«Non è accettabile che in un luogo come Ischia, tra i più belli al mondo, accadano disgrazie del genere. Se c’è qualcuno che è stato disattento, negli ultimi decenni, consentendo di mortificarne il territorio in modo scriteriato, è giusto che paghi. Questo è il giorno del dolore, ma è anche il giorno della rabbia». Lo scrittore Maurizio de Giovanni, autore della fortunata serie di romanzi con il commissario Ricciardi, è un frequentatore abituale di Ischia. «Sono vicino agli abitanti dell’isola, sfregiata dall’ennesima tragedia. Inammissibile, proprio perché non possiamo esserne sorpresi».
Era in un certo senso annunciata?
«Guardi, è ben noto il grado di dissesto idrogeologico dell’isola, e segnatamente di Casamicciola, che non a caso ha ispirato un’espressione popolare: ‘è successa una Casamicciola’, si dice, per significare un evento imprevisto, una calamità. E se un terremoto come quello del 2017 è un episodio imprevedibile, non certo può dirsi inaspettata una pioggia, ancorché torrenziale, a novembre. Non è arrivato l’uragano Katrina, non è esondato alcun fiume. C’è stata una pioggia importante, come ce ne saranno sempre più, e sempre più spesso. Criminale farsi cogliere impreparati. Criminale».
Mancata mitigazione del rischio o edificazione eccessiva?
«Entrambe. Non posso esprimermi nel dettaglio degli edifici crollati, non avendo competenza specifica, ma l’edificazione selvaggia cui è stata sottoposta Ischia nei decenni è sotto gli occhi di tutti. Non parlo di ecomostri, ma di costruzioni fitte, edificate non di rado in aree a rischio. E non possiamo pensare che a fronte di fenomeni climatici sempre più estremi la natura non ci chieda di pagare un conto».
La politica è stata connivente?
«Credo che in un Paese civile se un cittadino vuole costruire in un luogo in cui è illogico costruire debba essere fermato subito. Ancor prima che si ragioni di condoni. Non è ammissibile che siano le tragedie, in questo Paese, a farci accorgere di cosa non ha funzionato. Siamo il Paese che parla ex post. Ma non si commetta l’errore di considerarla una storia del Sud. Perché questa è soprattutto una storia italiana: abbiamo visto scene simili ovunque, dalla Liguria all’Abruzzo. Stavolta non c’è una questione meridionale».
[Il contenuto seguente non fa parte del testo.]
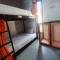 Ubox Samui Hostel - Chaweng beach - Chaweng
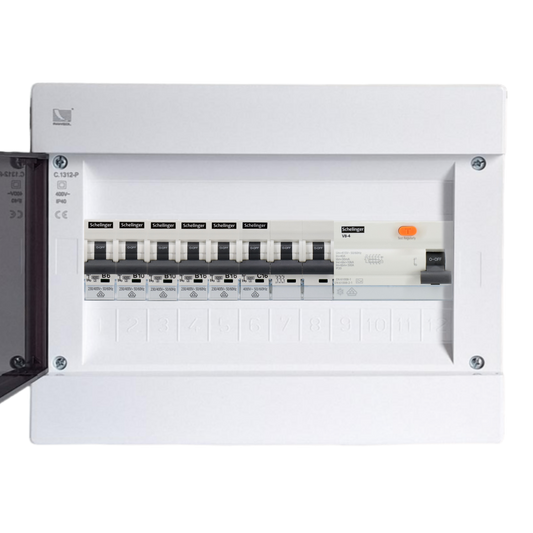 f906b7135c115cc45c2d25f425fc3a8c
Ha sentito le parole di Salvini sul numero dei morti?
«Certo. E non è la prima volta che Matteo Salvini ci casca, tradendo una ricerca del sensazionalismo. Noi eravamo col fiato sospeso e, per mera frenesia, per il desiderio incontrollabile di stare molto sul pezzo, si dicono sciocchezze. Le dice chi dovrebbe avere informazioni dal campo, di prima mano. Non ho parole. E poi questa cosa dei numeri non mi piace: riduce le vittime a statistiche, annullando volti e storie, proprio come accade per i migranti, ma quella – ecco – è un’altra storia».
Questa come andrà a finire? De Giovanni, Ischia si rialzerà?
«Certo, l’isola è meravigliosa, amo definirla come la parte verde del nostro azzurro: negli anni l’hanno amata i tedeschi prima, poi i russi, oggi sempre più gli americani. Ma all’indomani della tragedia, dopo aver pianto i morti, questo Paese deve capire che se vuole realmente puntare sul turismo non può più consentirsi più di trascurare il territorio, di mortificarlo, direi anche di aggredirlo. La bellezza va custodita con cura. Ne va del nostro futuro».